Rev. Joseph Santos-Lyons
Executive Director

The well-being of our communities is tied to how we invest and support them. Our families deserve the chance to live healthy, successful lives, yet Oregon has faced 25 years of disinvestment in our public schools, health and human services that have disproportionately affected communities of color. As the demographics of our state rapidly change, with communities of color making up more than 1 in 4 Oregonians, we have a big opportunity to support our communities’ most basic needs of health and education by voting Yes on Measure 97. 

When I was a senior in high school, Oregon voters adopted Measure 5, the property tax limitation ballot measure that has led to a unprecedented cuts and volatility in education across the state. I remember playing sports and music in public schools, and my parents paying a few hundred dollars each year so I could participate in 1990. Just a few years later, friends I played with were being required to pay thousands of dollars as massive cuts in schools started taking place. 

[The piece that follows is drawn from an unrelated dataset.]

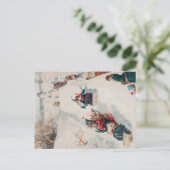 "Tobogganing", Chromolithograph, Louis Prang & Co. Briefkaart (Staand voorkant)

I benefited from quality schools and affordable education, yet now too many students are being left behind. I’ve listened to our high school senior this year lament the challenges of student loan debt as he considers college, and we’ve continually fundraised to support basic elementary school programs for our younger daughters. Today, we’re all paying the price for these disinvestments as Oregon now has some of the largest class sizes, shortest school years, and lowest graduation rates in the country that threaten our economic future.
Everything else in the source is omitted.